* **WORK TASK**:
Pull out of the data below the stretch of lines bounded by the one containing "Similar – Image, Stock" and the one containing "The Duchess of", both bounds included, unchanged.

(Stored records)
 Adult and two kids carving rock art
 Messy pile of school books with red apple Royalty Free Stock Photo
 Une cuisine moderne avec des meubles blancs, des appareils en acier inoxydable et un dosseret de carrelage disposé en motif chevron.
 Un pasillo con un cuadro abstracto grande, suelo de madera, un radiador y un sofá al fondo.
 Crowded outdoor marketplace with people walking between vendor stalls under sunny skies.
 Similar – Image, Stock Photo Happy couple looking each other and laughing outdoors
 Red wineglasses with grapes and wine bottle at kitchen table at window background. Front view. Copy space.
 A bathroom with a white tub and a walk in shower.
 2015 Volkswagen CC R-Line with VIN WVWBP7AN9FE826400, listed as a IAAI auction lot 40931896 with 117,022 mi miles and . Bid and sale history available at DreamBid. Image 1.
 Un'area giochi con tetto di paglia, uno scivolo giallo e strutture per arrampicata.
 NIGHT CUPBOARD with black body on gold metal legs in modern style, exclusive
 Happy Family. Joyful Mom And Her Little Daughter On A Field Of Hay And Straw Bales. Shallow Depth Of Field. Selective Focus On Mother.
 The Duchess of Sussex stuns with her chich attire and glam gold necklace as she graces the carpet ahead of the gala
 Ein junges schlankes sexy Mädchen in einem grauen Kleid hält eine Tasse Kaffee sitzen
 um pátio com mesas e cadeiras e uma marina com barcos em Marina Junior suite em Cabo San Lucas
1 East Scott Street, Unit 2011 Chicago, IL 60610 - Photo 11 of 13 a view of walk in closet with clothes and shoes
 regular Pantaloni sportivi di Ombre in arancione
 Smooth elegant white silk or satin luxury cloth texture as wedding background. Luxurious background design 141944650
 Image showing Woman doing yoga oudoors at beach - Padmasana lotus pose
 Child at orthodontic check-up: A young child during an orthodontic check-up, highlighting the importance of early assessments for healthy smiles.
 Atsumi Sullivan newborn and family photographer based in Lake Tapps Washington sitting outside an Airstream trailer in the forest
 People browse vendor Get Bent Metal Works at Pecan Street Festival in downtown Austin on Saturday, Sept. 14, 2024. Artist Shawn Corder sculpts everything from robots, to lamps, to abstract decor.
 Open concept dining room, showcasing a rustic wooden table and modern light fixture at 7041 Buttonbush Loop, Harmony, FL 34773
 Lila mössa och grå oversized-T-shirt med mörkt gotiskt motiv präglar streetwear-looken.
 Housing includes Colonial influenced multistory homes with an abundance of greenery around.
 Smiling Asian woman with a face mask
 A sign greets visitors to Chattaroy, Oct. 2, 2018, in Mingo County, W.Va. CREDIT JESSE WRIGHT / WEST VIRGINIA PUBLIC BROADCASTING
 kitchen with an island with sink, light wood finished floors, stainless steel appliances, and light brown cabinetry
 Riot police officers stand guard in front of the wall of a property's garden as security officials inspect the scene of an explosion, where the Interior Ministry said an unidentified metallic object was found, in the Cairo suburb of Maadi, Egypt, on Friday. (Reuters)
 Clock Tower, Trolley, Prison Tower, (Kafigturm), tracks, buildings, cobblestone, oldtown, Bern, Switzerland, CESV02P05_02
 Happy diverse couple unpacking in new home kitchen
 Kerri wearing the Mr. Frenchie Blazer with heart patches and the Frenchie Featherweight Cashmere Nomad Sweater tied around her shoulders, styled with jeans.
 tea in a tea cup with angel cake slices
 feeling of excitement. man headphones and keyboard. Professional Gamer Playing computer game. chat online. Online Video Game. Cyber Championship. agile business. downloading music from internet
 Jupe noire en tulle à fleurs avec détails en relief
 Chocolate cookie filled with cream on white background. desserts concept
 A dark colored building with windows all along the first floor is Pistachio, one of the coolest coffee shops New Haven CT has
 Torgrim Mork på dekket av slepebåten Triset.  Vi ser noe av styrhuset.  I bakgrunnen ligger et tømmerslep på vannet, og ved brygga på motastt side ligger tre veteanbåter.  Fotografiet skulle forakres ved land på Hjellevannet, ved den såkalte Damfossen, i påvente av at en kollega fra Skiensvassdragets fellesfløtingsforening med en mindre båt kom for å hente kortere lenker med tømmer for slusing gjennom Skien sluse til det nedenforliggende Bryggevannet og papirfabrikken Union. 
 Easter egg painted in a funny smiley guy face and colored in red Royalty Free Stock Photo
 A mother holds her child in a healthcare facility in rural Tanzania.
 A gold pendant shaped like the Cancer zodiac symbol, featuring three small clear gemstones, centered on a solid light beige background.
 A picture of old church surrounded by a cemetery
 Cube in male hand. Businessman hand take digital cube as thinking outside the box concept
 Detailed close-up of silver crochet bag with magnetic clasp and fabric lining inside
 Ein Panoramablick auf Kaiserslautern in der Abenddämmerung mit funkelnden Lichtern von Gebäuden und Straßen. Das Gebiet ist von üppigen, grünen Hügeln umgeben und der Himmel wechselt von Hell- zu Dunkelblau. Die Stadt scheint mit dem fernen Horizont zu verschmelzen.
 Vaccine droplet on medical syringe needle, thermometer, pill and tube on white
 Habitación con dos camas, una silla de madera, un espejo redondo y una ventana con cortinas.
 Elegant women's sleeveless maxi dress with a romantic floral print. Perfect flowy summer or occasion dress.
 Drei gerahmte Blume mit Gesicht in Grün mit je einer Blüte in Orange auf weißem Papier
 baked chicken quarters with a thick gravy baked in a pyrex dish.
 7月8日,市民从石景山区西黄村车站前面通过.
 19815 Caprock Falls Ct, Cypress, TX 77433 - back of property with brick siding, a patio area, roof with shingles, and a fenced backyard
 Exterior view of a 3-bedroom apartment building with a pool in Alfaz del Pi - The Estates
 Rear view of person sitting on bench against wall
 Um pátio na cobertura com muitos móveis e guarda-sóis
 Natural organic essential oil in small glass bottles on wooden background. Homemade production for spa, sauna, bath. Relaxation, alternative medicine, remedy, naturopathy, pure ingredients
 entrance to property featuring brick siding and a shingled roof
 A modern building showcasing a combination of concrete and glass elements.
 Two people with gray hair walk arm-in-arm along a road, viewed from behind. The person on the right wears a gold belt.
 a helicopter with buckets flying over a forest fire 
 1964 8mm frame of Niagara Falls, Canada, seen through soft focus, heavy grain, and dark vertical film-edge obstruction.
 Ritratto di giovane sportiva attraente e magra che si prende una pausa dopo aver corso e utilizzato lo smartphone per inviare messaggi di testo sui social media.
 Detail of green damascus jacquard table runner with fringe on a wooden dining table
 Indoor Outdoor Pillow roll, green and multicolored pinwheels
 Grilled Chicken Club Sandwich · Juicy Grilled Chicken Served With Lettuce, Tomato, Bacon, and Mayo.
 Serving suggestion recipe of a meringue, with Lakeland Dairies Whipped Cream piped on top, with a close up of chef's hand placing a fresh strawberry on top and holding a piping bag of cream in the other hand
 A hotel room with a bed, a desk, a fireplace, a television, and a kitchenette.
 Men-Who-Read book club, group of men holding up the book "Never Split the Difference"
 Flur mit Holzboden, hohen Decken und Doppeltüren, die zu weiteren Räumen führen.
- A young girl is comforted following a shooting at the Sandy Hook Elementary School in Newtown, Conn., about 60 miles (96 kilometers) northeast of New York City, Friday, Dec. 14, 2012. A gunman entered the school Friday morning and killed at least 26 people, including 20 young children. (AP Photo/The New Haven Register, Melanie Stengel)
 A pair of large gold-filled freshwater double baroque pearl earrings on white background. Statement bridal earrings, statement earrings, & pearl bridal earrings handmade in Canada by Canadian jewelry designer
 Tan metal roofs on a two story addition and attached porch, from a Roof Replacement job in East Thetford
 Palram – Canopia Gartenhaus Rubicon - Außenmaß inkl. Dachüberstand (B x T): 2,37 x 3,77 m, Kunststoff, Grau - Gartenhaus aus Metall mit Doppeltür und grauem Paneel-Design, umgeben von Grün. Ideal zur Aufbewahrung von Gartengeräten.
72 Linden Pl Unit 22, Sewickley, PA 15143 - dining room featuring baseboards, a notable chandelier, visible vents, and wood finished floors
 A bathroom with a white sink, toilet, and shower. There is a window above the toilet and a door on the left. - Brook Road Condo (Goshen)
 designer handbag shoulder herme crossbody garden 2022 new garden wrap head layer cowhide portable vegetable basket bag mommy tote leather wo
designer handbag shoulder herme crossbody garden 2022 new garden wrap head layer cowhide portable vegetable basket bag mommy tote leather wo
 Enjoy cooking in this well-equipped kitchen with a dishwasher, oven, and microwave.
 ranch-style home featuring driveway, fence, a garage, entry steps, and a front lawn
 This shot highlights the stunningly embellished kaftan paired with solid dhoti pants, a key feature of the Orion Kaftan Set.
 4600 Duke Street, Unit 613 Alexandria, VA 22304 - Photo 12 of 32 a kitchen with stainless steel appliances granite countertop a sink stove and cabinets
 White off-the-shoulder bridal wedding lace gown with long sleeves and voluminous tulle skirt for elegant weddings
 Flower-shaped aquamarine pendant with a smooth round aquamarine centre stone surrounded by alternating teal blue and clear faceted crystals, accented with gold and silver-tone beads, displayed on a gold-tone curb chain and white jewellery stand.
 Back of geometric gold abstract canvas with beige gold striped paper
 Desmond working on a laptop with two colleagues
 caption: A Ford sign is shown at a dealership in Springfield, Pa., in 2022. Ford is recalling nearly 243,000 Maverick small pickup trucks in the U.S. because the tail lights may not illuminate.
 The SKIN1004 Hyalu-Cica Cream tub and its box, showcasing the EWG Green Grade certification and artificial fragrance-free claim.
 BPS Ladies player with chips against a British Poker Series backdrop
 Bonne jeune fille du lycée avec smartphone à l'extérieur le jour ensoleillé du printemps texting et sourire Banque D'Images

* **WRITTEN SOLUTION**:
 Similar – Image, Stock Photo Happy couple looking each other and laughing outdoors
 Red wineglasses with grapes and wine bottle at kitchen table at window background. Front view. Copy space.
 A bathroom with a white tub and a walk in shower.
 2015 Volkswagen CC R-Line with VIN WVWBP7AN9FE826400, listed as a IAAI auction lot 40931896 with 117,022 mi miles and . Bid and sale history available at DreamBid. Image 1.
 Un'area giochi con tetto di paglia, uno scivolo giallo e strutture per arrampicata.
 NIGHT CUPBOARD with black body on gold metal legs in modern style, exclusive
 Happy Family. Joyful Mom And Her Little Daughter On A Field Of Hay And Straw Bales. Shallow Depth Of Field. Selective Focus On Mother.
 The Duchess of Sussex stuns with her chich attire and glam gold necklace as she graces the carpet ahead of the gala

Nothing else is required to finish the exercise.